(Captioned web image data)

-- Opening Marker --

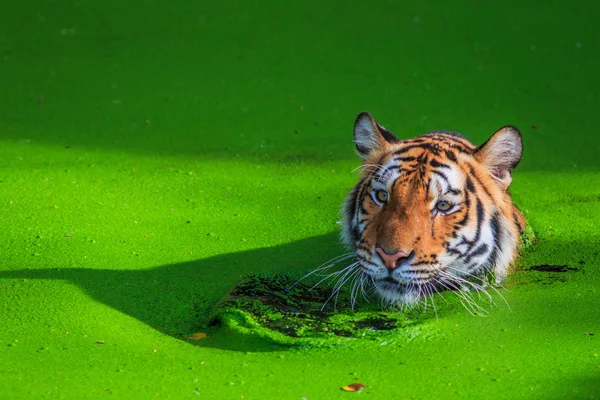 Pomarańczowy Tygrys w wodzie — Zdjęcie stockowe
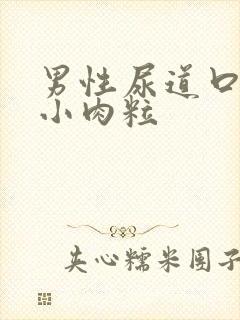 男性尿道口长有小肉粒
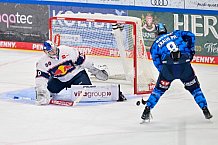 Eishockey, Herren, DEL, Saison 2025-2026, Spiel 31, ERC Ingolstadt - EHC Red Bull München, 23.12.2025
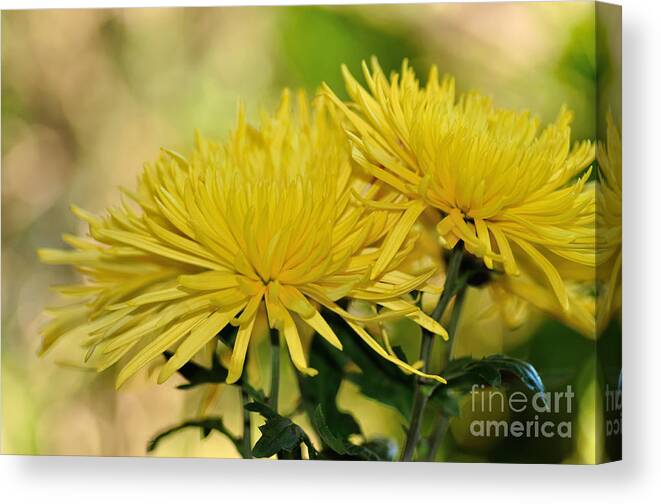 Photography Canvas Print featuring the photograph Spider Mums Anastasia by Kaye Menner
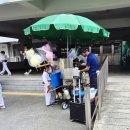 충무체육관 | 대전 태권도 국기원 승품 심사 충무체육관 후기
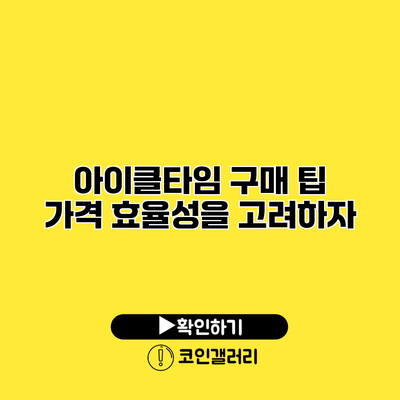 아이클타임 구매 팁 가격 효율성을 고려하자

-- Closing Marker --

** Task directions **
The lines to retype run from the one containing "Photography Canvas Print" through the last line of the records above; write them exactly and skip the pictures.

** Response to the task **
 Photography Canvas Print featuring the photograph Spider Mums Anastasia by Kaye Menner
 충무체육관 | 대전 태권도 국기원 승품 심사 충무체육관 후기
 아이클타임 구매 팁 가격 효율성을 고려하자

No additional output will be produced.